String Manipulation with stringr

· 3 min read · Updated March 10, 2026 · beginner
stringr tidyverse strings text

stringr is part of the tidyverse and provides a consistent interface for string operations. If you’ve ever struggled with R’s base string functions — paste(), substr(), grep(), gsub() — stringr makes them easier to remember and use.

This guide covers the most useful stringr functions for everyday data work.

Installing stringr

install.packages("stringr")
library(stringr)

Or load the entire tidyverse:

library(tidyverse)

Creating Strings

str_c(): Combining Strings

str_c() combines strings together. It handles missing values gracefully.

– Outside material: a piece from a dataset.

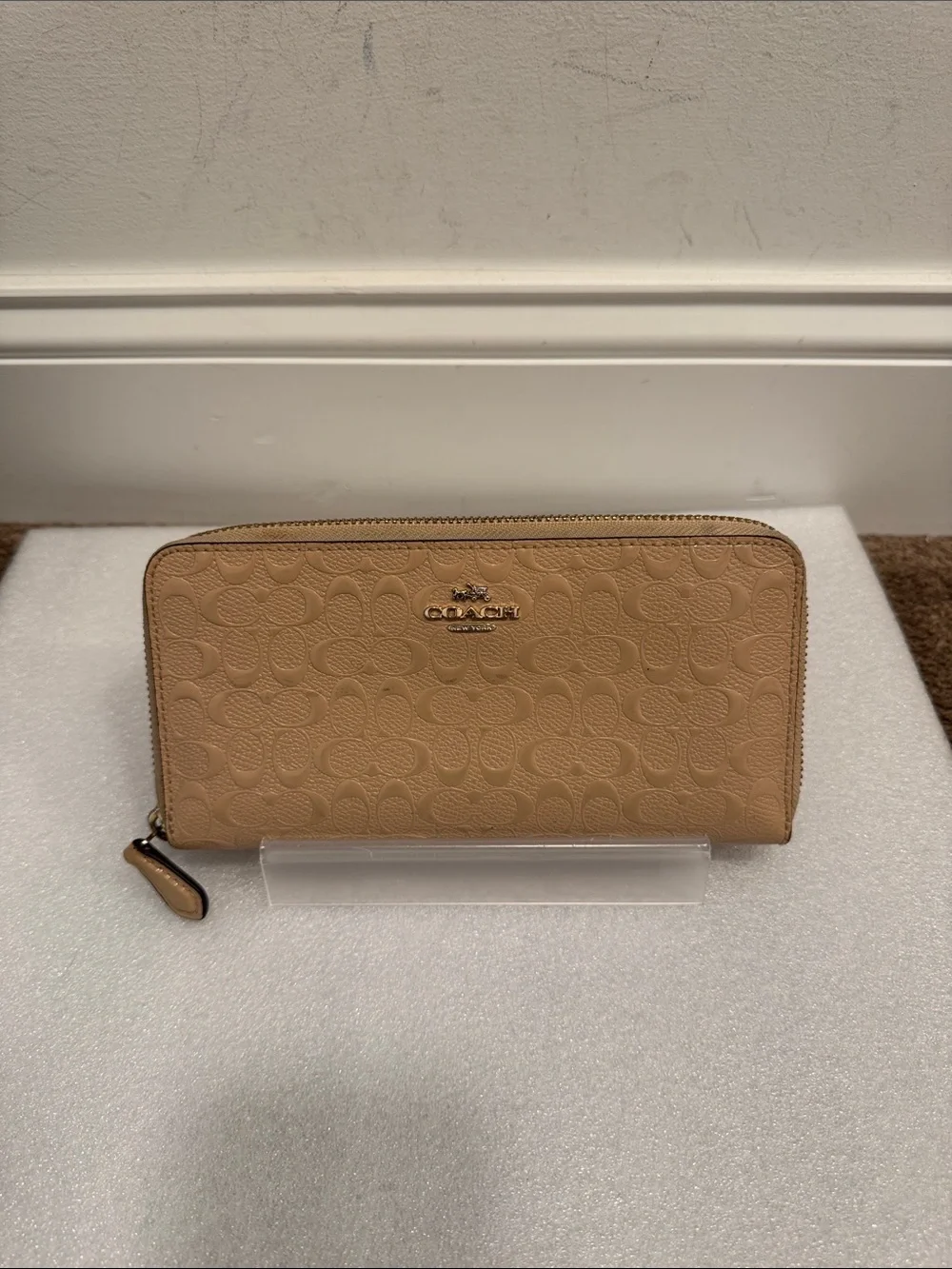 Coach Embossed Signature Zip Wallet in Beige-Tan - Picture 1 of 8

str_c("Hello", " ", "World")
# [1] "Hello World"

str_c("x", 1:3, sep = "_")
# [1] "x_1" "x_2" "x_3"

str_flatten() collapses a vector into a single string:

str_flatten(c("a", "b", "c"), collapse = ", ")
# [1] "a, b, c"

str_repeat(): Repeating Strings

str_repeat("ha", 3)
# [1] "hahaha"

String Length

str_length(): Counting Characters

str_length(c("apple", "banana", "cherry"))
# [1] 5 6 6

This counts the actual characters, not bytes. For strings with non-ASCII characters, this matters.

Subsetting Strings

str_sub(): Extracting Parts

str_sub() extracts a substring by position.

x <- "abcdef"
str_sub(x, 1, 3)
# [1] "abc"

str_sub(x, -3, -1)
# [1] "def"

You can also use it to replace parts of a string:

x <- "apple"
str_sub(x, 1, 1) <- "A"
x
# [1] "Apple"

str_extract(): Pattern Extraction

str_extract() pulls out the first match to a pattern:

str_extract("The price is $50.00", "\\d+\\.\\d+")
# [1] "50.00"

str_extract_all() returns all matches:

str_extract_all("abc123def456", "\\d+")
# [[1]]
# [1] "123" "456"

Pattern Detection

str_detect(): Finding Patterns

str_detect() returns TRUE if a pattern exists in a string:

fruits <- c("apple", "banana", "cherry", "apricot")
str_detect(fruits, "^a")
# [1]  TRUE FALSE FALSE  TRUE

This is useful with sum() to count matches or with filter() in dplyr:

# Count strings starting with 'a'
sum(str_detect(fruits, "^a"))
# [1] 2

str_starts() and str_ends()

Check if strings start or end with a pattern:

str_starts(fruits, "a")
# [1]  TRUE FALSE FALSE  TRUE

str_ends(fruits, "e")
# [1]  TRUE FALSE TRUE FALSE

String Replacement

str_replace(): Substituting Patterns

str_replace() replaces the first match:

str_replace("apple pie", "pie", "tart")
# [1] "apple tart"

str_replace_all() replaces all matches:

str_replace_all("aaa", "a", "b")
# [1] "bbb"

Use str_remove() as shorthand for replacing with nothing:

str_remove_all("a-b-c-d", "-")
# [1] "abcd"

Splitting Strings

str_split(): Breaking Apart

str_split() splits a string into pieces:

str_split("a,b,c", ",")
# [[1]]
# [1] "a" "b" "c"

Add simplify = TRUE to get a matrix:

str_split("a,b,c", ",", simplify = TRUE)
#      [,1] [,2] [,3]
# [1,] "a"  "b"  "c"

Use str_glue() and str_glue_data() for string interpolation:

name <- "Alice"
age <- 30
str_glue("My name is {name} and I am {age} years old.")
# My name is Alice and I am 30 years old.

Whitespace Handling

str_trim(): Removing Extra Spaces

str_trim("  hello  ")
# [1] "hello"

str_squish("  hello   world  ")
# [1] "hello world"

str_pad(): Adding Padding

str_pad("apple", width = 10, side = "left", pad = " ")
# [1] "     apple"

str_pad("5", width = 2, pad = "0")
# [1] "05"

Case Manipulation

str_to_upper(), str_to_lower(), str_to_title()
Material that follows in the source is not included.